I’m looking forward to your interview with Bjarne Stroustrup. I have a few questions that you might consider asking. (But feel free to modify them, incorporate them into your own conversation, or just don’t ask them.)
- When I learned C++ more than 20 years ago there were only books and in-person trainings. I learned from “The C++ Programming Language” and later from Scott Meyers “Effective C++” books. Nowadays there are lots of C++ books, tons of text and video tutorials (on Youtube, Udemy, Learning Path, …), conferences and recorded conference talks, spaces on social media (e.g. Reddit, Twitter, and Discord), Q&A websites like StackOverflow, etc. How has that changed the way people learn C++? Where are the deficits? (I’d guess bad sources and outdated patterns and practices).
- Do you have some general advice how somebody who already knows one or two programming languages can learn C++? Should they start with a book, should they move quickly to implementing a toy project, can websites like Exercism help? How important are code reviews and advice from experienced programmers?
- Oracle offers certificates for Java programmers. As far as I know nothing similar exists in the C++ world, right? Do you think it might be useful if some larger organization would offer certifications and tests, or is that mostly useless?

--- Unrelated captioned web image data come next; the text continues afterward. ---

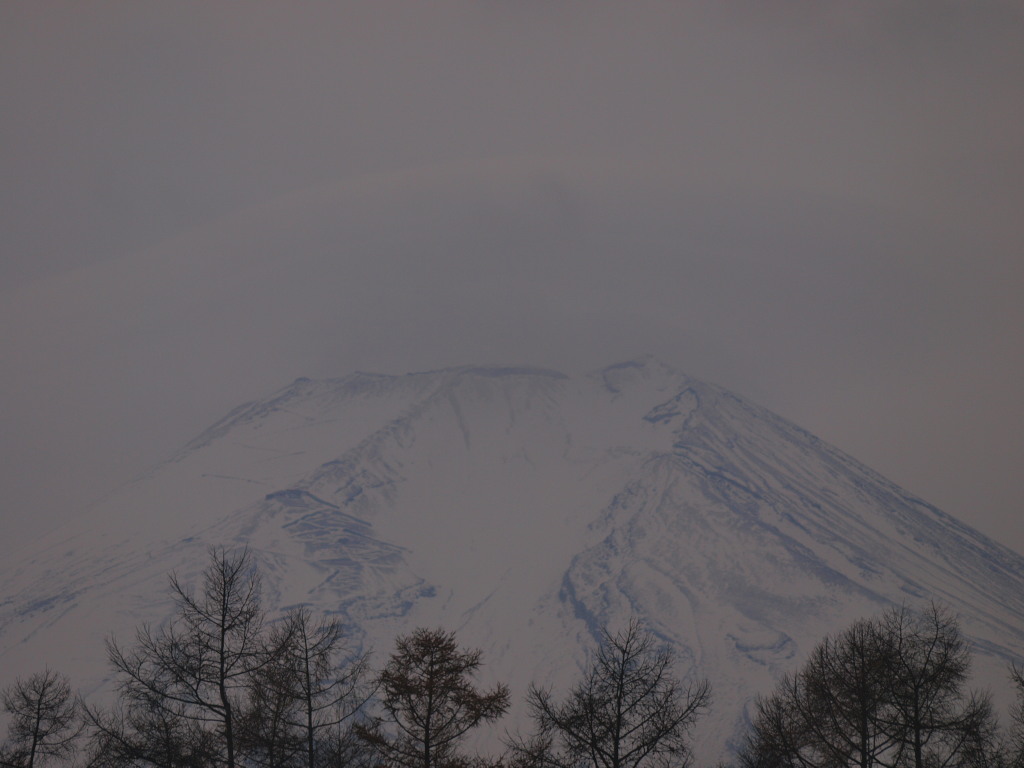 11/27 �g�c����̕x�m�R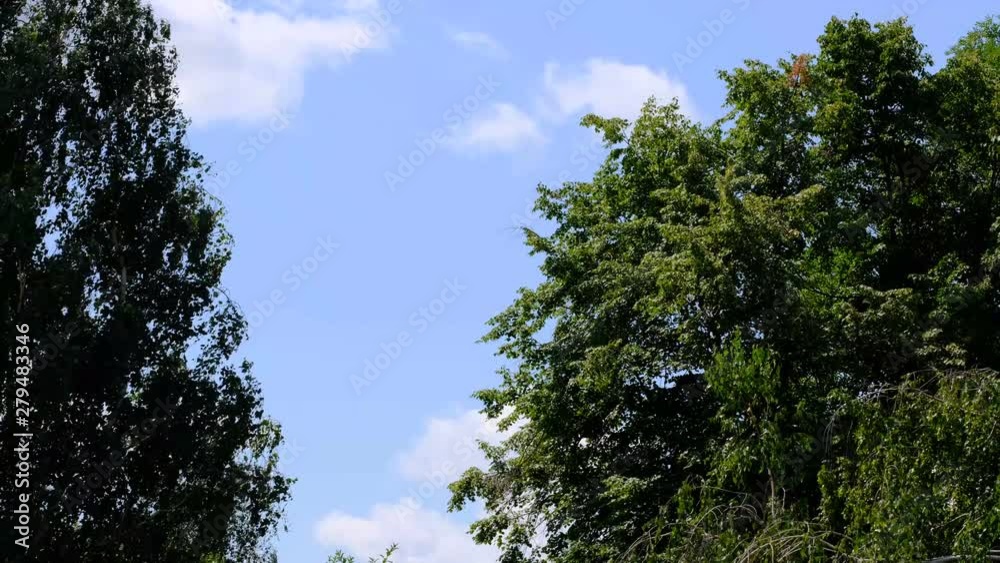 Natural scene video sketching with trees and cloudy summer day sky Natural scene video sketching with trees and cloudy summer day sky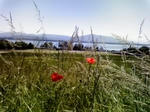 P1000087.JPG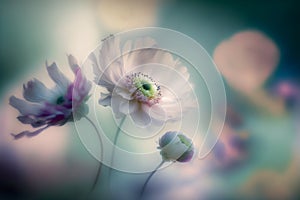 Abstract illustration with flowers in pastel colors. Soft blur background effect. photo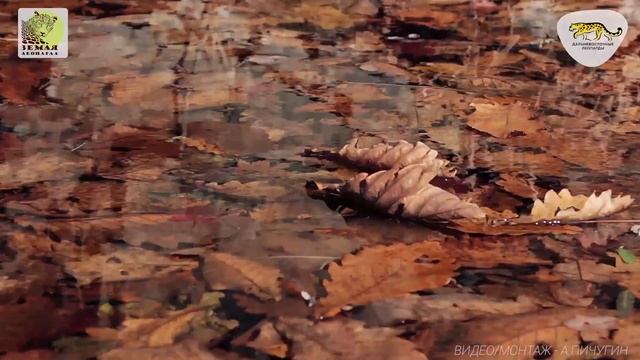 Заповедник Кедровая падь осенью \ Kedrovaya Pad’ Nature Reserve смотреть онлайн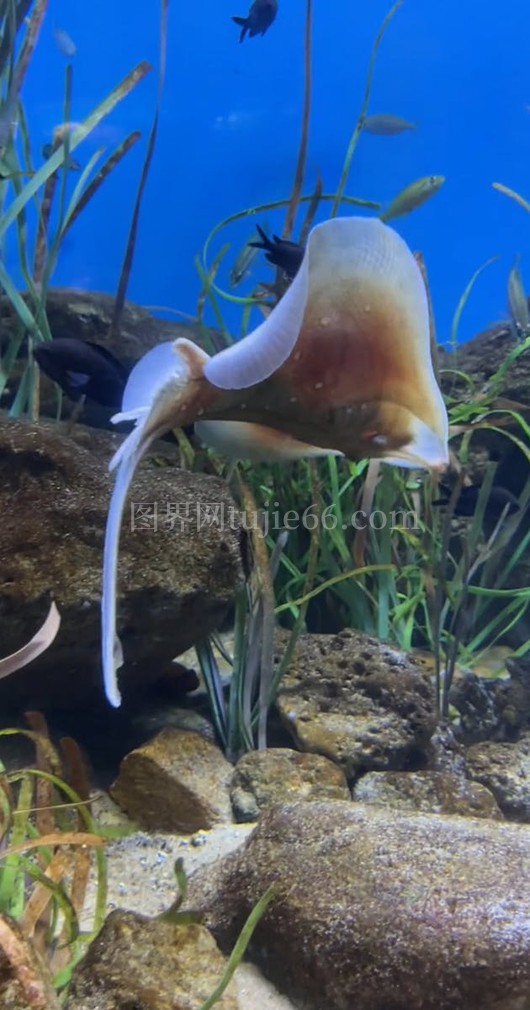 鲨鱼游动植物岩石水族箱中
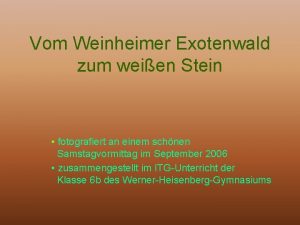 Vom Weinheimer Exotenwald zum weien Stein fotografiert an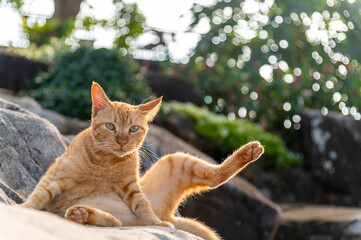 homelesee cat licks its fur to clean itself. with green natural bokeh background. - homeless cat on...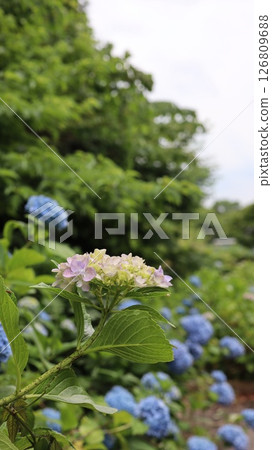 Blue hydrangeas blooming in the park, Tatsunoguchi Waterfront Park Blue hydrangeas blooming in the park, Tatsunoguchi Waterfront Park 126809688
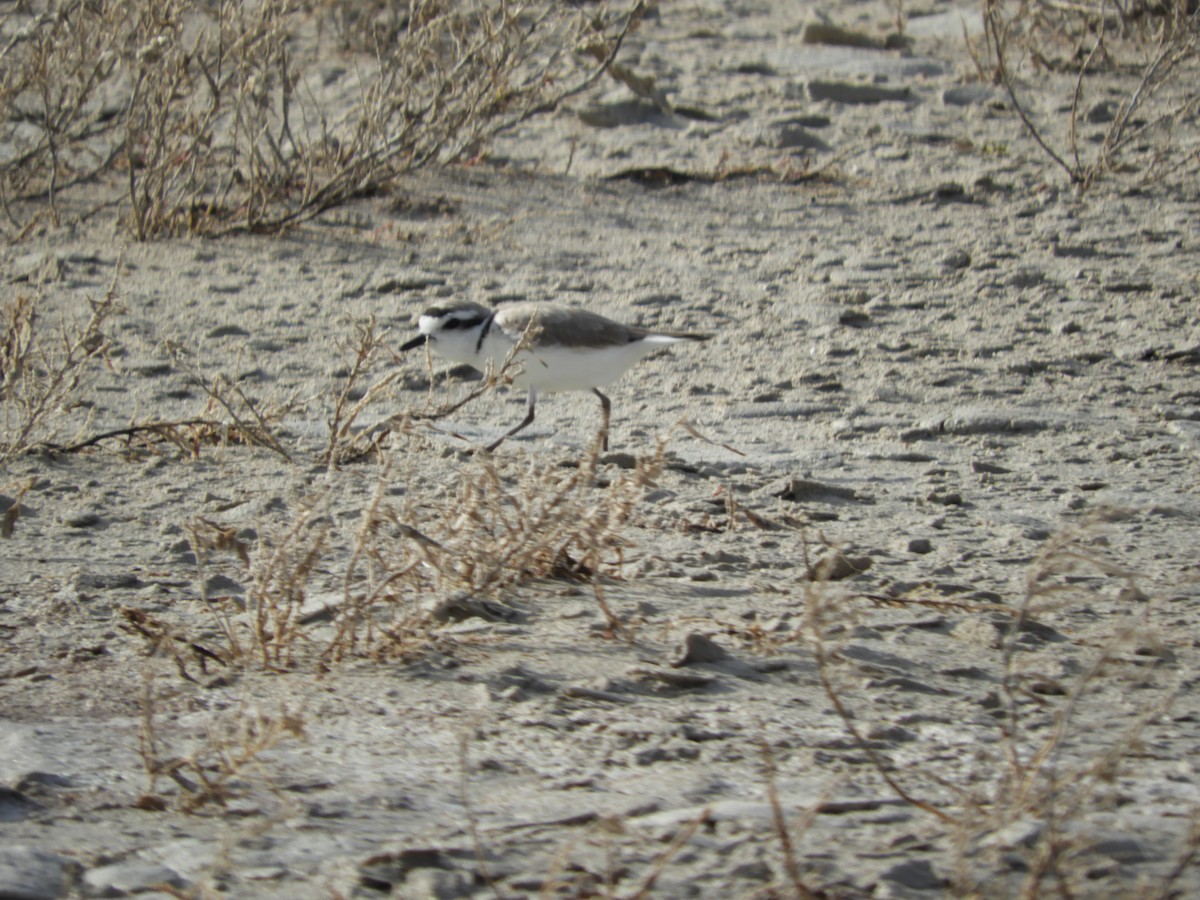 Snowy Plover - Thomas Bürgi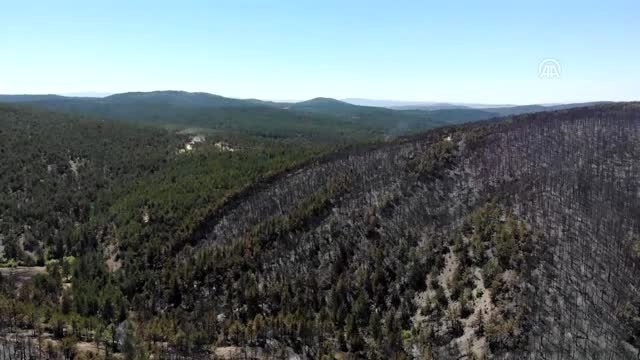 Tavşanlı'daki orman yangınında zarar gören bölge havadan görüntülendi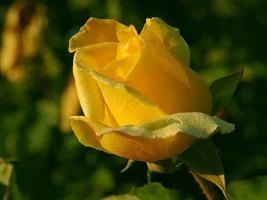 1 (52).webp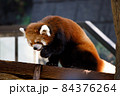 レッサーパンダ 84376264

- In the past few years a lot of new programming languages got love and attention. Some of them have features that are absent in C++, e.g. Go’s builtin goroutines, Rust’s borrow checker, Nim’s compile time macros that modify the AST… Do you think some of those things might make it into the C++ world?
- Do you thing C++'s committee-driven approach with its 3-year cycle, its many stakeholders, rather tedious proposal process, and strong backwards compatibility can still compete with new languages that can move a lot faster?
- Would you recommend C++ as a first programming language? If yes, what would be a good second complimentary programming language? If not, what could be a good first choice for beginners?